Prendete per esempio l’articolo 3, a mio avviso un vero capolavoro dei nostri padri costituenti:

Tutti i cittadini hanno pari dignità sociale e sono eguali davanti alla legge, senza distinzione di sesso, di razza, di lingua, di religione, di opinioni politiche, di condizioni personali e sociali. È compito della Repubblica rimuovere gli ostacoli di ordine economico e sociale, che, limitando di fatto la libertà e l’eguaglianza dei cittadini, impediscono il pieno sviluppo della persona umana e l’effettiva partecipazione di tutti i lavoratori all’organizzazione politica, economica e sociale del Paese..”

Paino parole scritte questa mattina, assumendo di avere ancora qualcuno con una tale profondità umana e culturale capace di scriverle..

In tre righe, sobrie, asciutte, solenni e grandiose, sono condensate secoli e secoli di cultura, movimenti di idee, sensibilità culturali, ideologie e valori religiosi, in una sintesi che può solo essere frutto di una straordinaria passione civile e repubblicana.

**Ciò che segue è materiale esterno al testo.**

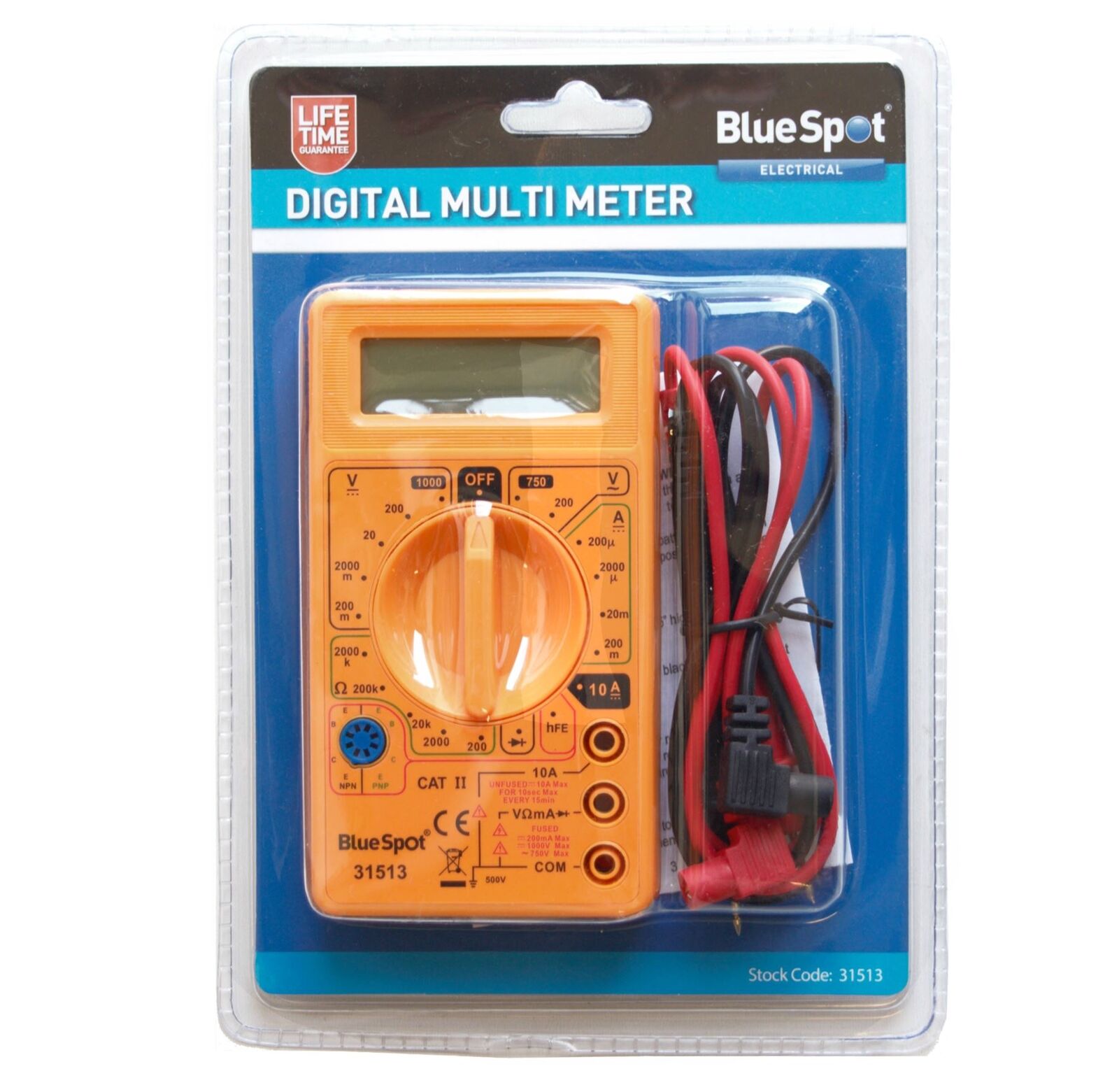 BlueSpot LCD Digital Multimeter Voltmeter AC & DC Voltage Tester Circuit Checker BlueSpot LCD Digital Multimeter Voltmeter AC & DC Voltage Tester Circuit Checker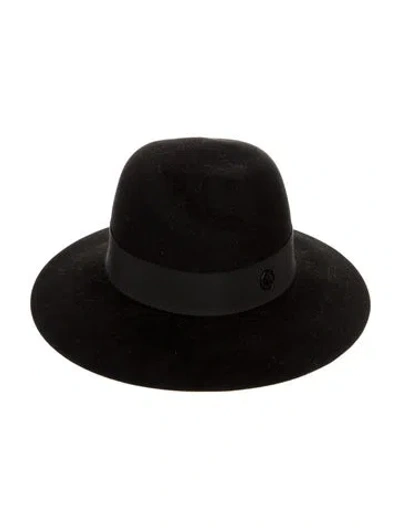 Pre-owned Maison Michel Fedora In Black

Risuonano tra le parole dell’articolo 3 l’egualitarismo illuminista (“Tutti i cittadini hanno pari dignità sociale…senza distinzione”) insieme al personalismo cristiano (commovente il riferimento allo “pieno sviluppo della persona umana”) e poi quella parola “lavoratore” tanto cara al movimento socialista e comunista, con l’idea della sua partecipazione all’organizzazione pubblica  (“l’effettiva partecipazione di tutti i lavoratori all’organizzazione politica, economica e sociale”). Come poi non cogliere quei valori cari al liberalismo solidale, in nome dei quali lo stato non è un arbitro assente e distratto ma è impegnato a “rimuovere gli ostacoli di ordine economico e sociale” che limitano “libertà e l’eguaglianza dei cittadini”.

Come dire? In tre righe ritrovate duecento anni di progresso sociale, di riflessione culturale, di passione politica, di lotta per la libertà e l’uguaglianza, l’emancipazione dei popoli e dei lavoratori, l’afflato alla partecipazione democratica, in una parola di protagonismo repubblicano.

Ecco, pensavo questo: questi due terribili anni ci hanno scosso e hanno fatto traballare la nostra giovane repubblica, minando al fondamento, quel vincolo di solidarietà che ci lega e ci costituisce come popolo. Esiste una via di uscita a questo tempo burrascoso? Esiste una “exit strategy” per ritrovare pace e concordia sociale, serenità e progresso? Forse si: guardando indietro, riappropriandoci di quelle parole che ancora raccontano la nostra dignità e la nostra vocazione di popolo. Quella carta testimonia, con straordinaria freschezza, il valore della nostra comunità nazionale e ci indicano, con sobria convinzione, chi siamo chiamati a diventare, qual è il nostro destino comune, quale il futuro che ci attende.

Leggetele con attenzione: quella carta non testimonia solo il nostro passato ma parla di un sogno, il nostro sogno, quello che i nostri Padri ci hanno affidato. È solo riscoprendo quel sogno che potremo ambire a diventare cittadini, cittadino di un popolo che riconosce nella parola “Italia” la sua cifra costituitiva.